Parliament of South Africa
- Long title Act to prohibit the granting of interdicts or other dilatory orders of court having the effect of staying or suspending the removal or ejectment of natives in certain cases, and to provide for other incidental matters. ;
- Citation: Act No. 64 of 1956
- Enacted by: Parliament of South Africa
- Royal assent: 15 June 1956
- Commenced: 22 June 1956
- Repealed: 1 July 1986

Repealed by
- Abolition of Influx Control Act, 1986

= Natives (Prohibition of Interdicts) Act, 1956 =

Natives (Prohibition of Interdicts) Act, Act No 64 of 1956, formed part of the apartheid system of racial segregation in South Africa. It deprived Africans of the right to appeal to the courts by means of an interdict or any legal process against forced removals.

==Content of the Act==
The following is a brief description of the sections of the Natives (Prohibition of Interdicts) Act:
- Section 1
Defined the meanings of common words within the Act.
- Section 2
Defines that the execution of some orders of court would not be able to be stayed or suspended by means of legal processes.

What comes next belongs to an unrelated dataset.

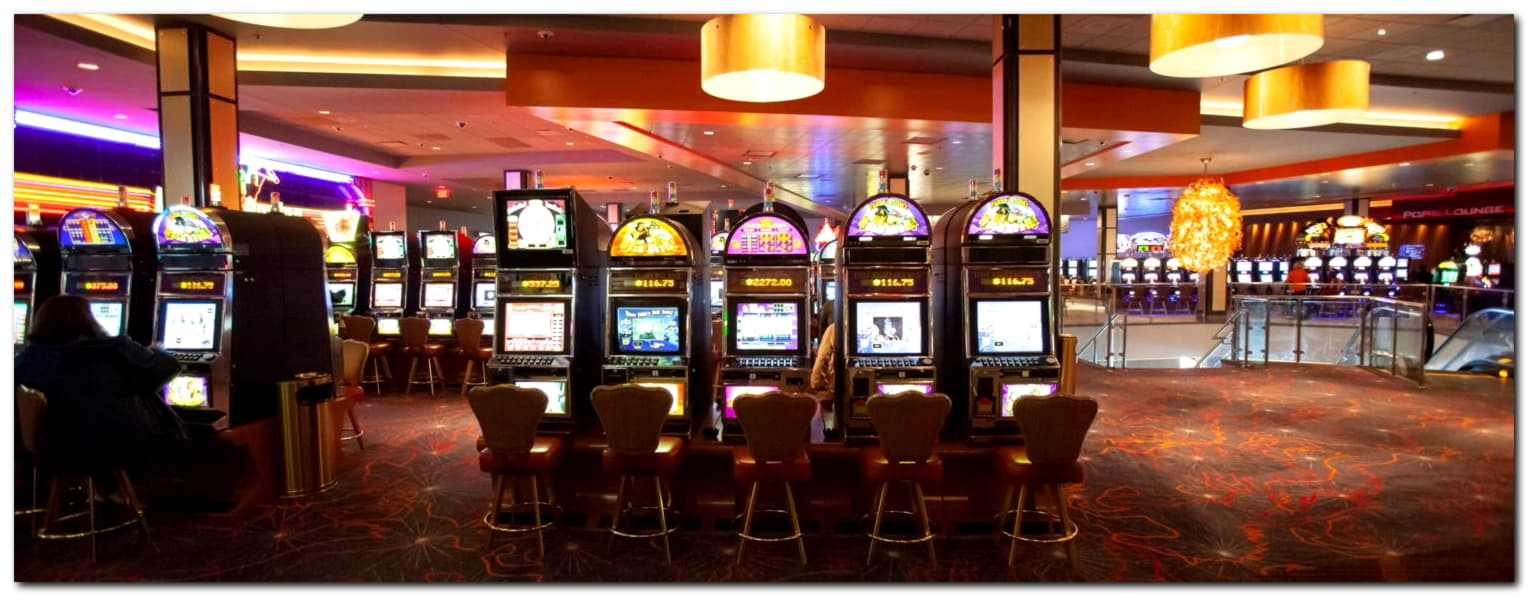 £165 Free Casino Chip at Casino Dingo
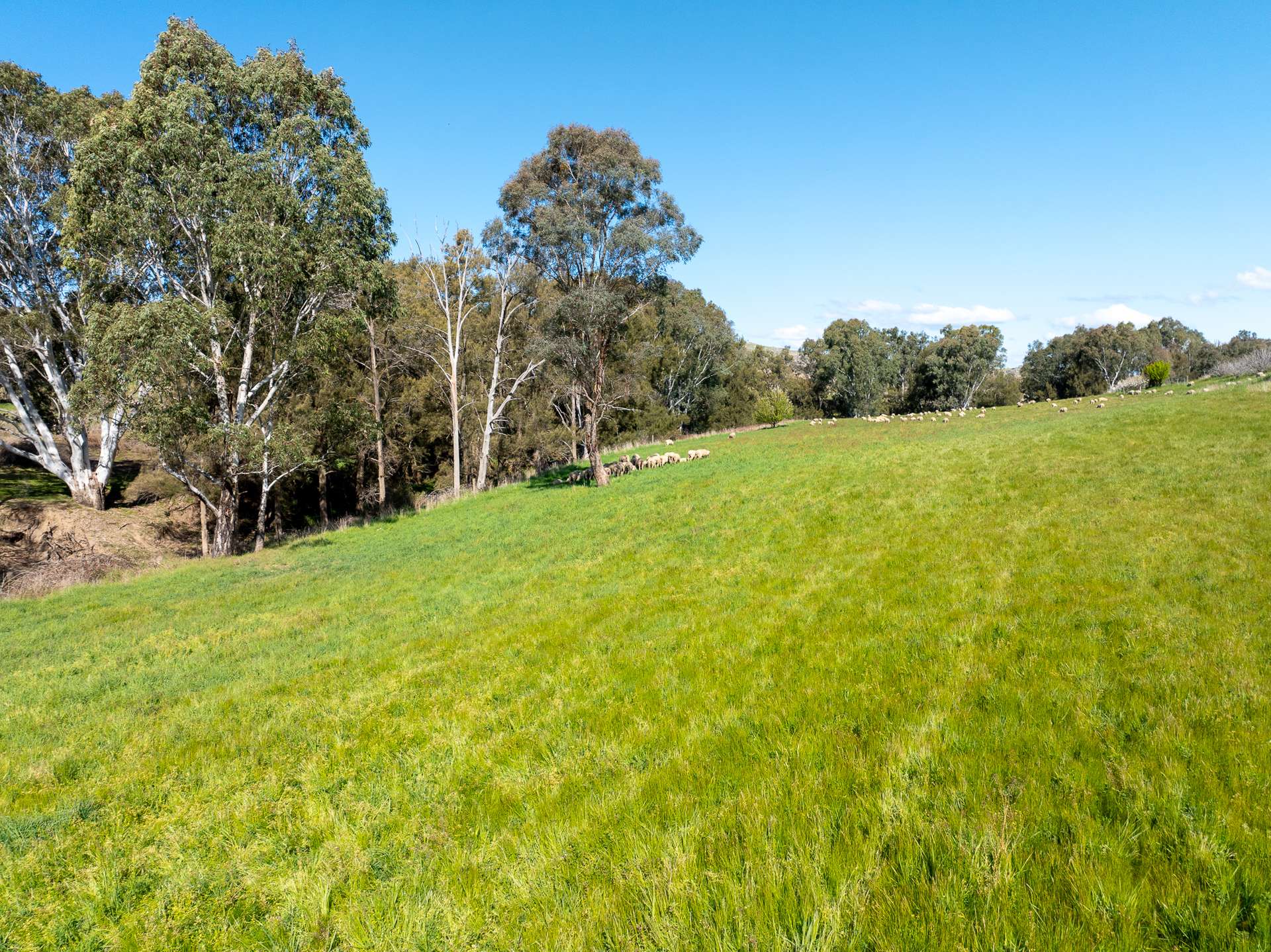 'Angle Burn' 101 Clearview Road, Darbys Falls Sold by Farmbuy.com - image 14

This applied to orders to vacate, to be removed or arrested and detained to or from an area.
- Section 3
Defines that any stay or suspension of a court order to which the Act applies, especially prior to Act, would have no force and effect and would lapse.
- Section 4
Defines the compensation to be repaid for actual loss to a Native who obtained the order of court and has since been declared invalid.
- Section 5
Defines the Governor-General will proclaim in the Government Gazette, to which type of orders the Act will apply too and from what date.
- Section 6
Defined the name of the Act and when it comes into operation.